I am not one who goes for the hype. I test our tweaks before buying them. As to my equipment, I have custom built 22 year old amps, pre-amp and phono pre-amp. My speakers are 28 years old. My modified SME IV is 33 years old. My VPI TNT VI is 16 years old. Yet I still purchased a new SUT last year, Zesto Allesso and a new digital cable, SR Atmosphere Euphoria. So, I have a higher end system as an audiophile but am not into changing equipment without a significant improvement.
As to flat frequency speaker response, I think there is a problem with that statement. One needs a neutral speaker to start with. The better and best speakers have off axis results in a room which tend to boost bass and roll off highs. Reviews of high end speakers show this.

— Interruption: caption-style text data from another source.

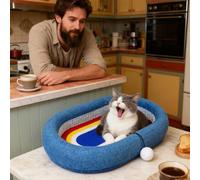 Cat Scratching - Cať Tree Tower | Kitten Scratcher, For Indoor Cats With Solid Wooden Base Caťs Scratche Post Interactive Track Ball Toys, Bed Indoors Catѕ Scratсher Toy Balls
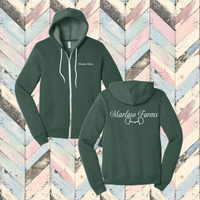Marlaw Farms Premium Fleece Full Zip Hooded Sweatshirt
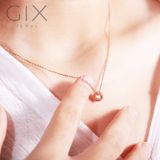  Dây chuyền vàng nữ 18k sợi mỏng đẹp cao cấp hình lu thống đính đá Gix Jewel 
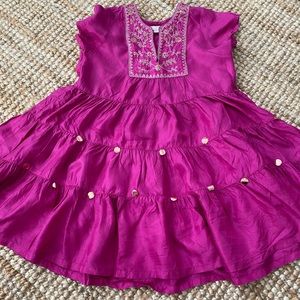 Pink Chicken Silk dress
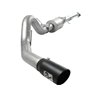 aFe POWER | ATLAS 4in Alu Steel Cat-Back w/Muffler/Black Tip - F-150 3.5T 2011-2014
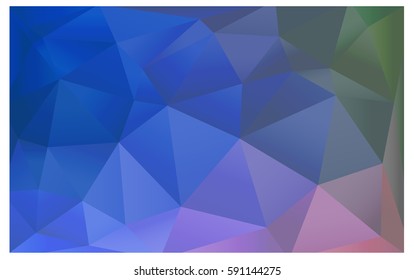 Light Blue, Green vector blurry triangle background design. Geometric background in Origami style with gradient. 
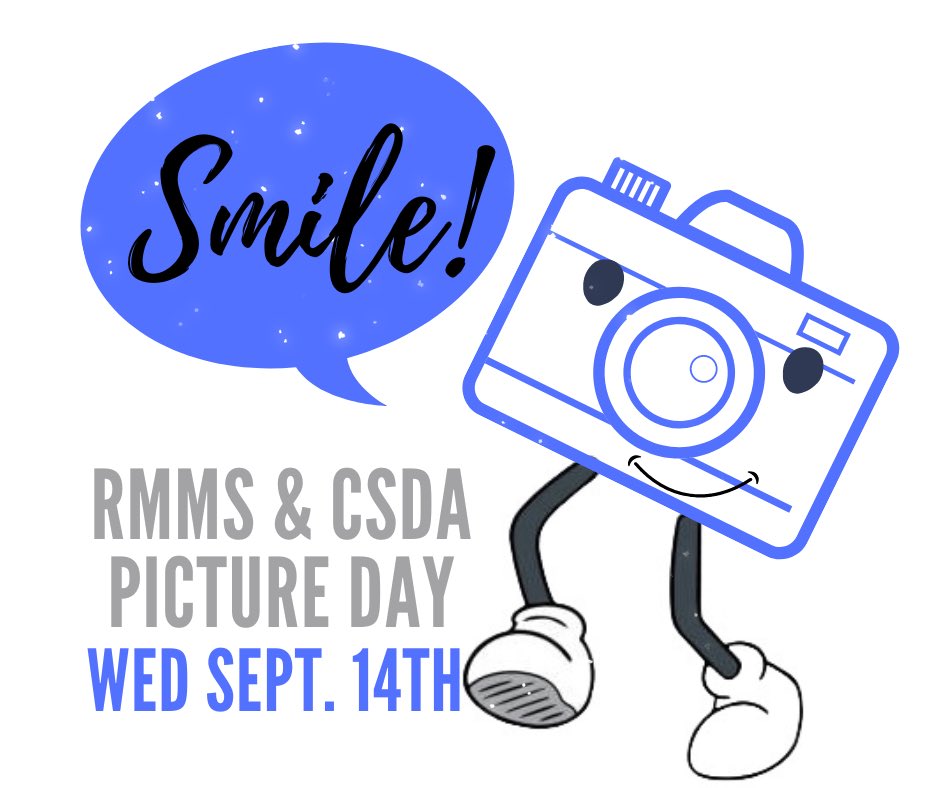 📢 Mark those calendars 📆. Picture Day for both schools is this Wednesday, September 14th 📸 <a href="/RMMSBlueJays/">RMMSBlueJays</a> <a href="/CSDA_News/">CSDA-News</a>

Speakers are not heard both on axis in pairs but in a central location in a room. I am not explaining this sufficiently accurately but the gist is that listeners receive a sound like the Fletcher-Munson curve and not a truly linear, flat frequency response. "We are not equally sensitive to sounds of all frequencies so perceived loudness of a tone in fact depends on frequency as well as intensity. Two sounds can have the same physical sound pressure levels but if they are of different frequencies, they are often perceived as having different loudness."
Certainly, every listener has a preference and mostly different preferences for the sound they prefer. That's another reason why there are so many choices in audio equipment. Equipment though, should maintain consistent, neutral character unless the designer wants a colored, less faithful to the recording/mastering engineer reproduction. That's the purpose of neutrality.